In an attempt to compete with Nvidia’s dominant position in the generative AI market, AMD is developing a new GPU. This GPU, known as the AMD Instinct MI300X, is equipped with the capability to handle up to 192GB of HBM3 memory. It has been specifically designed to efficiently train large language models, which are crucial for various programs like ChatGPT.
In the realm of chips that can train generative AI programs, Nvidia has long been the dominant player. However, AMD is now making its move to secure a portion of the market by introducing a new enterprise-grade GPU.
Today, the company made an announcement about the AMD Instinct MI300X, which is a chip specifically developed to enhance the training of extensive language models. These models play a crucial role in driving programs like OpenAI’s ChatGPT.
According to Lisa Su, the CEO of AMD, AI is the crucial technology that is influencing the future of computing. In fact, it is considered as AMD’s biggest and most important opportunity for long-term growth in the market of generative AI.
In an attempt to outperform its competitors, the MI300X stands out in the generative AI market by offering an impressive 192GB of HMB3 memory. This advanced technology is built on AMD’s CDNA 3 architecture, specifically designed for AI workloads in data centers. With the capability to accommodate eight MI300X accelerators in one system, users can now train more extensive AI models compared to their competitors.
According to Su, the utilization of generative AI in the market can lead to a reduction in the number of required GPUs for operating large models. This reduction not only enhances the performance, particularly for inference, but also contributes to lowering the overall costs associated with ownership.

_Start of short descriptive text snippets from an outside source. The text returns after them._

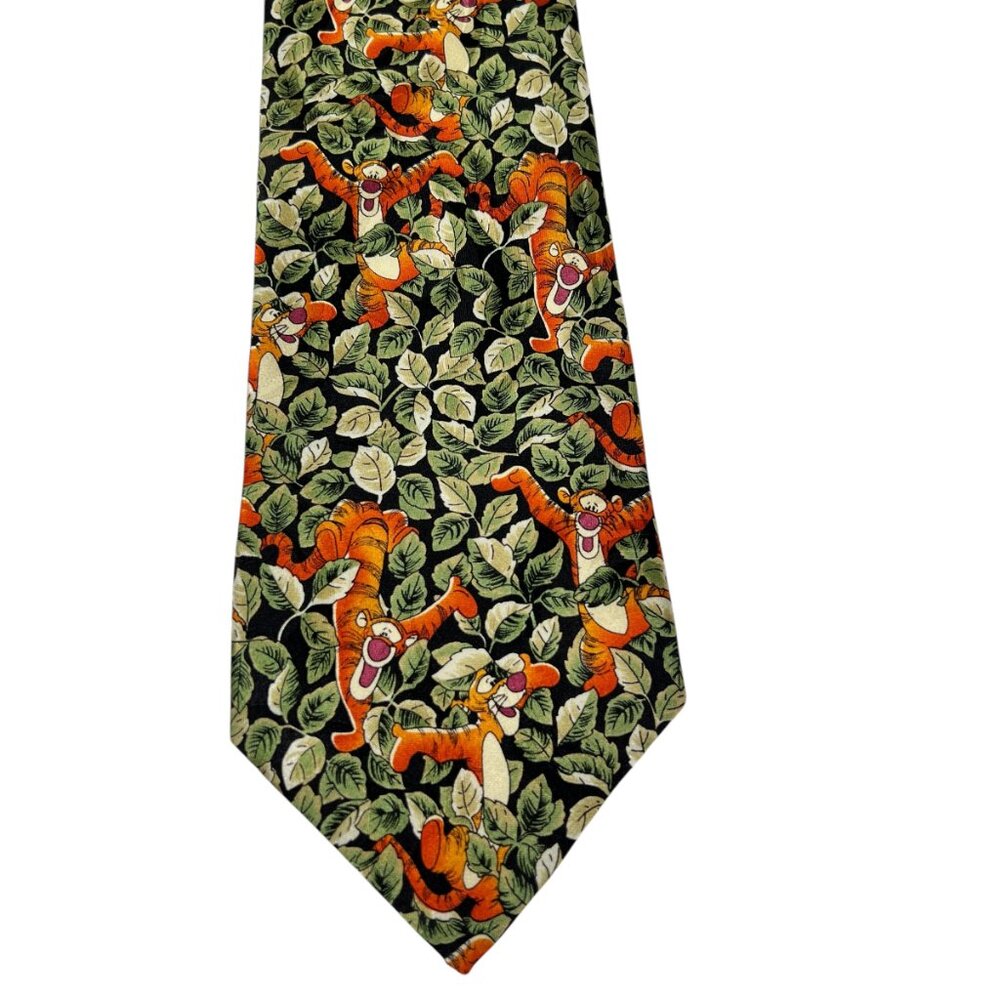 Vintage Disney World Mens Tigger in Jungle Leaves Green Orange Silk Pointed Tie - Picture 5 of 11
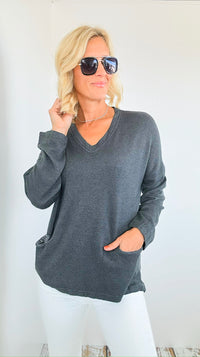 Sequin Back Detail Pocketed Italian Sweatshirt-130 Long Sleeve Tops-Tempo-Coastal Bloom Boutique, find the trendiest versions of the popular styles and looks Located in Indialantic, FL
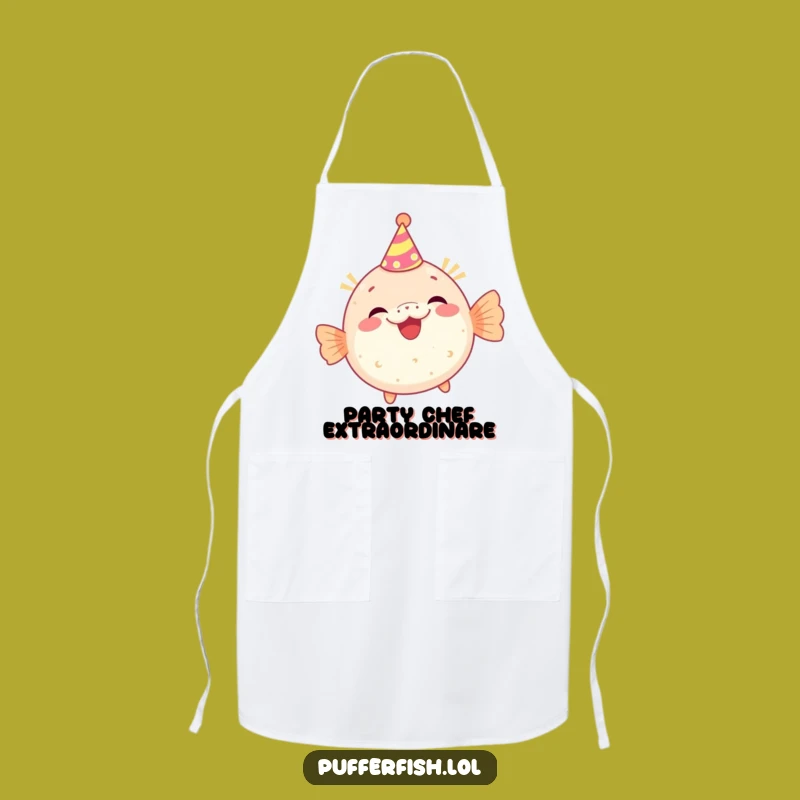 Funny Party Pufferfish Apron, Chef's Attire for Festive Kitchen Fun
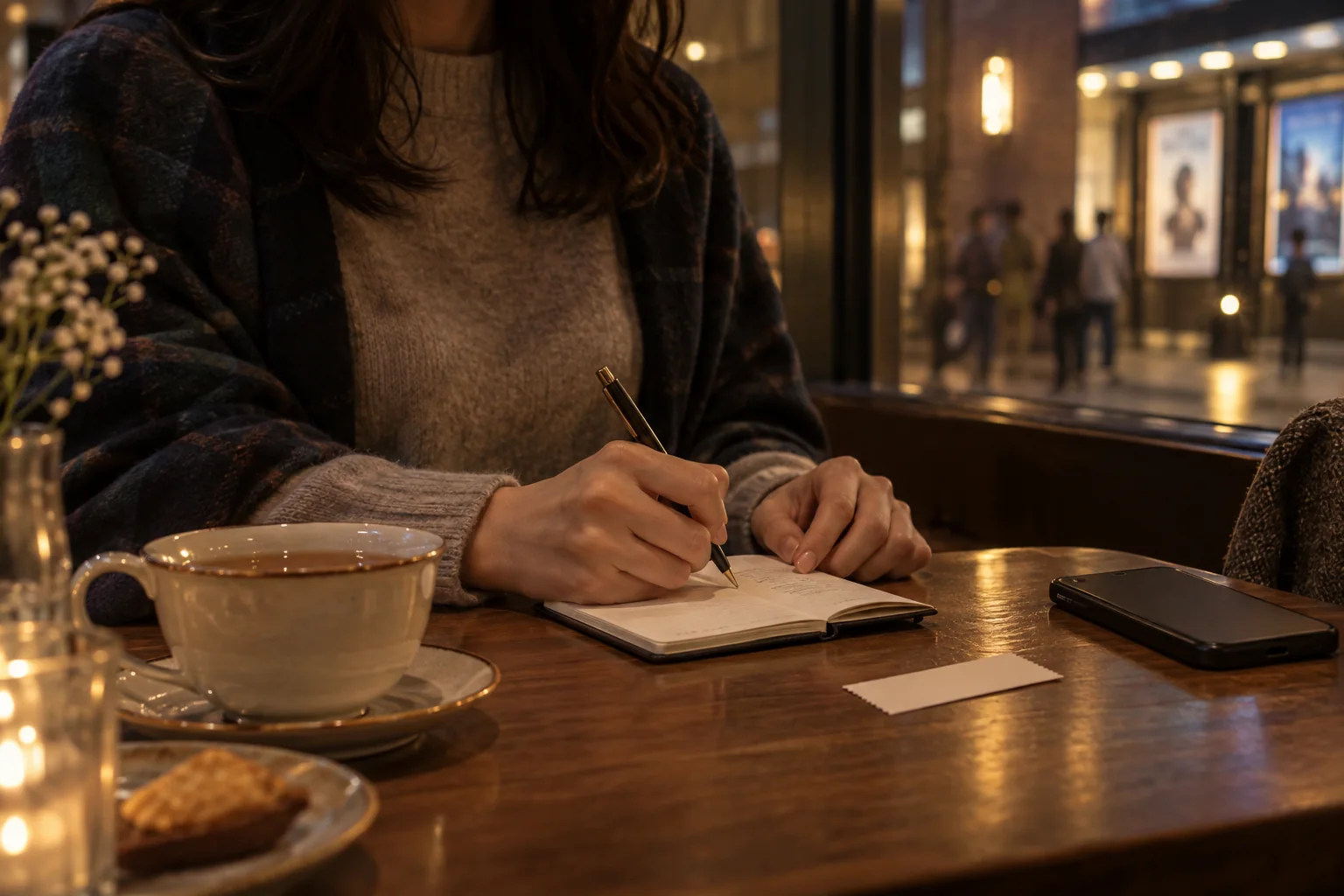 映画館近くのカフェで手帳に一行だけ感想を書く女性の手元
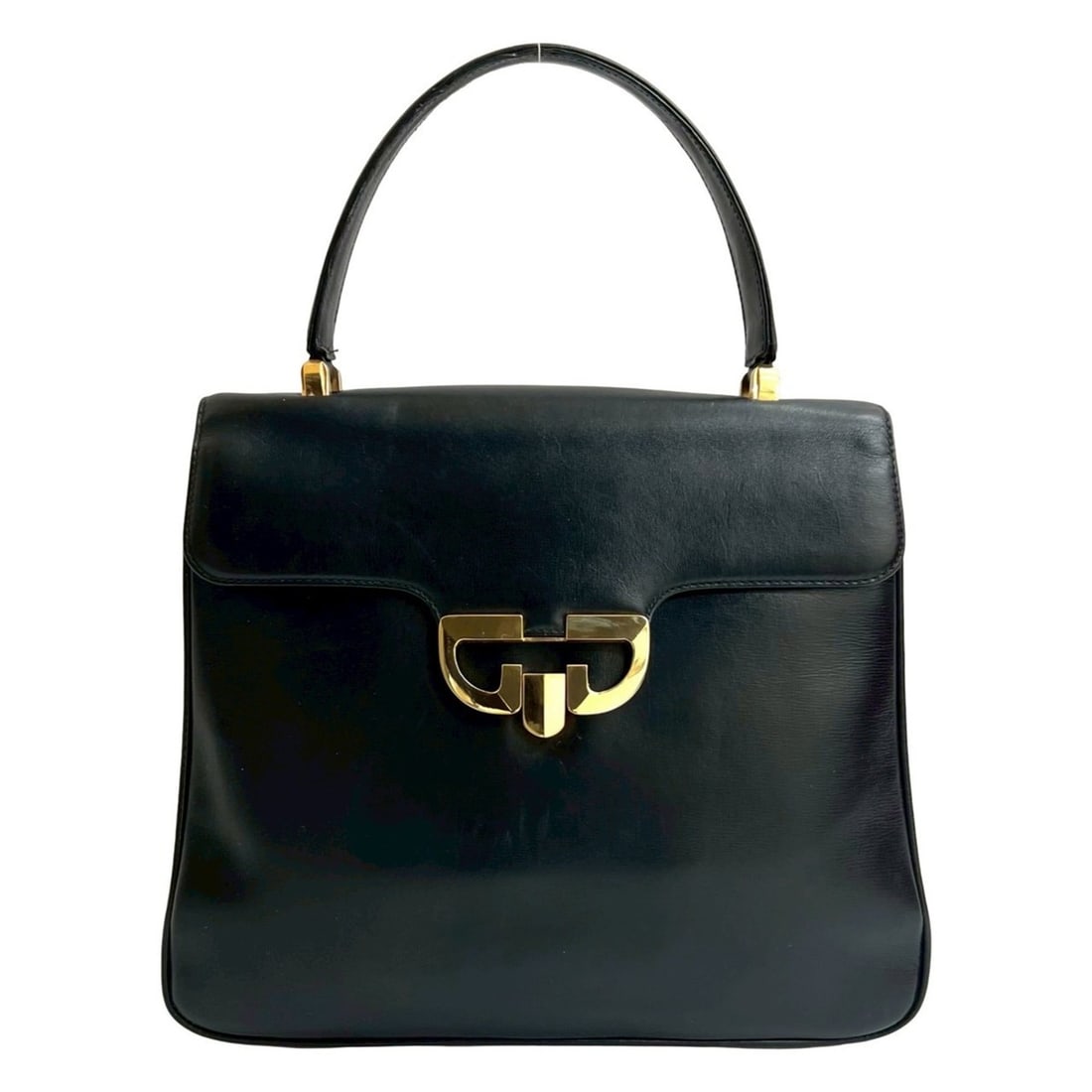 GUCCI Old Gucci G Logo Motif Leather Handbag Mini Tote Bag Black 25988 (1 of 14)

The MI300X is a product that belongs to the generative AI market and is developed by AMD. It shares similarities with another AI-focused chip, the MI300A, which is designed for supercomputers. However, the main distinction lies in the fact that AMD replaced the Zen 4 CPU chiplets in the MI300A with a dedicated GPU processor, transforming the MI300X into a solely GPU-based chip.

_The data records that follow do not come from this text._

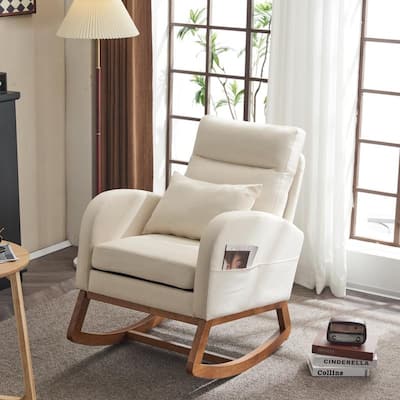Accent Rocking Chair, Upholstered Nursery Glider Rocker, Orange and White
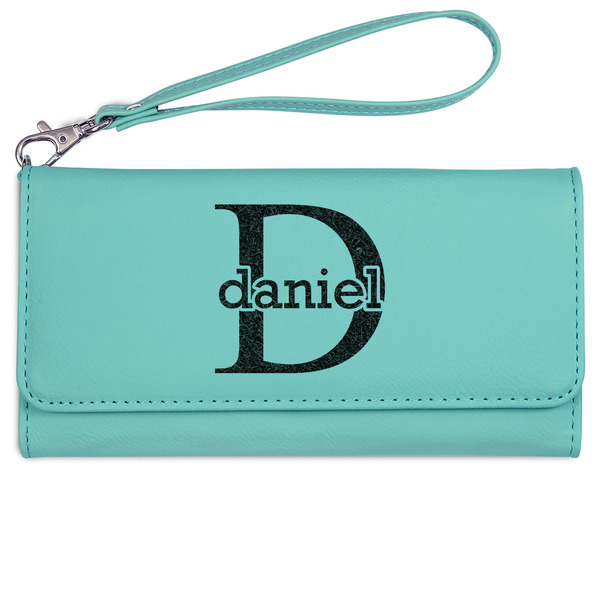 Name & Initial (for Guys) Ladies Wallet - Leather - Teal - Front View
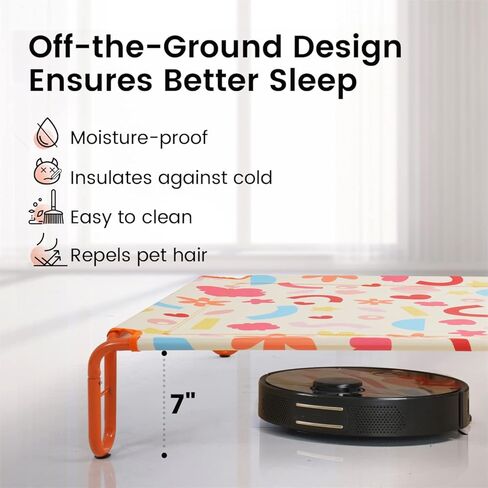 Pawaii Elevated Cooling Outdoor Dog Bed, Cooling Raised Dog Cot, Portable Indoor & Outdoor Raised Dog Bed with Anti-Slip Bases, Easy Installation (37 x 26 x 7 Inches, Dark Style) in Kuwait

The newly designed product appears quite similar to MI300A, as the company removed three chiplets and replaced them with two GPU chiplets, while also increasing the amount of HBM3 memory. This product has been specifically developed for the generative AI market.

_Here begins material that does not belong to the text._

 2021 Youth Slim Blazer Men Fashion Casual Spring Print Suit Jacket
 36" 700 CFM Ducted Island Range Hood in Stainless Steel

During a demonstration, Su showcased the capabilities of a single MI300X device that was enhanced with 192GB of memory. This device was able to run Falcon-40B, an open-source large language model. The demonstration involved requesting the program to compose a poem about San Francisco, and remarkably, it generated the text within a matter of seconds.
Our editors highly recommend this demo because it is the first time that a large language model of this scale can be executed solely in the memory of a single GPU.
Nvidia anticipates a significant increase in sales in the upcoming quarters due to the rising demand for generative AI chatbots. To meet this demand, companies in the industry have been purchasing Nvidia’s A100 GPU, which has a price tag of approximately $10,000. Furthermore, Nvidia is offering the H100 GPU, which now has the capability to be customized with a maximum of 188GB of HMB3 memory.
In the third quarter, AMD plans to distribute samples of its upcoming product, the MI300X, to important customers. AMD foresees significant growth in the generative AI market for data center chips, estimating it to reach $150 billion by 2027. This is a substantial increase from the current market value of $30 billion.